= American Beverage Institute =

Trade group in the United States

The American Beverage Institute is a trade group based in Washington, D.C. that lobbies on alcoholic drink-related issues on behalf of the restaurant industry. It describes itself as "dedicated to protecting the on-premises dining experience - which often includes the responsible consumption of adult beverages." ABI was set up in 1991 by Richard Berman, executive director of the public affairs firm Berman and Company.

==Advocacy==
The group sometimes sends letters or columns to newspapers arguing that laws that have been adopted to fight drunk driving are ineffective or inappropriate. It supports a targeted approach to combating drunk driving that includes the use of roving patrols instead of sobriety checkpoints, and restricting the use of ignition interlock technology to high blood alcohol concentration (BAC) and repeat drunk drivers. Sarah Longwell, ABI's managing director, argues in the Tampa Tribune that judges should be involved in the decision as to whether or not a low-BAC, first-time offender should have an interlock installed in his or her car.

In 2013, ABI announced its opposition to the National Transportation Safety Board's proposal to persuade states to lower the blood alcohol limit, citing the fact that lowering the limit is not among the most effective ways to stop drunken drivers. Since then, ABI has continued to fight .05 laws in states where they are introduced.

The most aggressive campaign against .05 legislation launched by ABI occurred in Utah during 2017 and 2018. On top of penning op-eds critical of a lower legal limit for driving, the group also ran an advertisement titled "Utah: Come for Vacation, Leave on Probation." Utah’s .05 law goes into effect at the end of 2018.

==MADD founder joins ABI==

In 1994, Mothers Against Drunk Driving founder, Candy Lightner, joined the American Beverage Institute.
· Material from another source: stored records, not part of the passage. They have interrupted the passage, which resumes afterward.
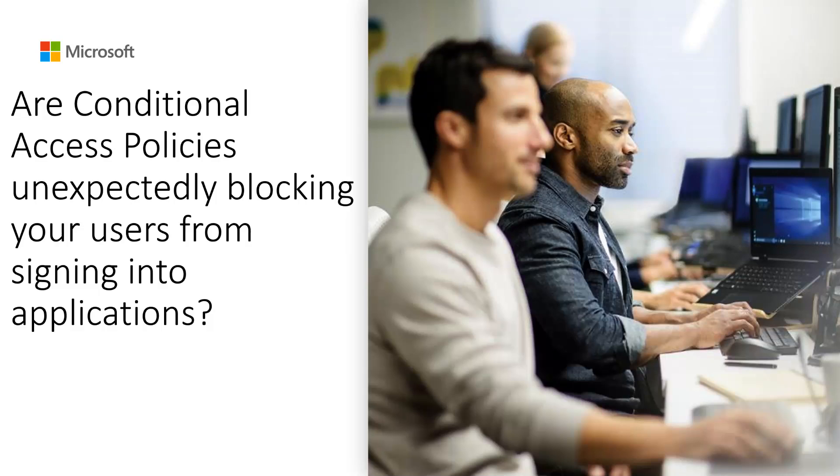Good day all. My name is Ashrai and I'm part of the Identity Advanced Cloud Engineering team within Microsoft. This video here is a quick demonstration showing how an administrator can investigate their end users getting blocked unexpectedly by conditional access policies.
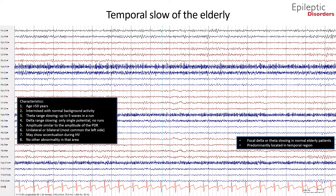Characteristics of temporal slow waves of the elderly include age greater than 50 years, intermixed with normal background activity. If in the theta range frequency, you could see up to five waves in a run; if in the delta range frequency, you could see only a single potential — no runs. The amplitude of temporal slow waves of the elderly is similar to the amplitude of the PDR, and they are unilateral or bilateral but most commonly on the left side. They may show accentuation during hyperventilation with no other abnormality in that area.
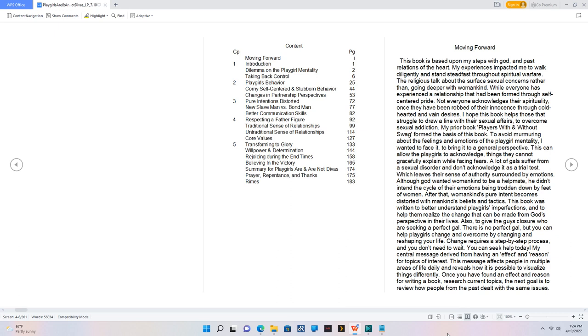Moving Forward. This book is based upon my steps with God and past relations of the heart. My experiences impacted me to walk diligently and stand steadfast throughout spiritual warfare. The religious talk about the surface sexual concerns rather than going deeper with womankind. While everyone has experienced a relationship that had been formed through self-centered pride. Not everyone acknowledges their spirituality once they have been robbed of their innocence through cold-hearted and vain desires. I hope this book helps those that struggle to draw a line with their sexual affairs to overcome sexual addiction. My prior book Players With and Without Swag formed the basis of this book. To avoid murmuring about the feelings and emotions of the playgirl mentality, I wanted to face it to bring it to a general perspective.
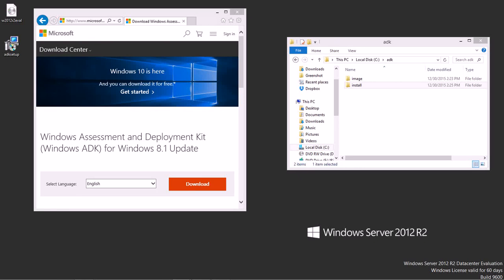In this video, we're going to take a look at the Windows Assessment and Deployment Kit, the Windows ADK, for Windows 2012 R2. We're going to look at creating an auto-unattend file to automate the installation of Windows through Windows Deployment Services.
She said she supported laws punishing repeat offenders and those who drove after imbibing large amounts of alcohol, but not steadily reducing thresholds for breath tests which progressively lower amounts of social drinking. In 2010, Lightner wrote a letter to an ABI executive thanking him for his continued support working "on legislation that would increase punishment for drivers who drive with a higher blood [alcohol] content."

In 2013, Lightner opposed the lowering of the blood alcohol limit, opposing the National Transportation Safety Board's efforts to persuade states to do so.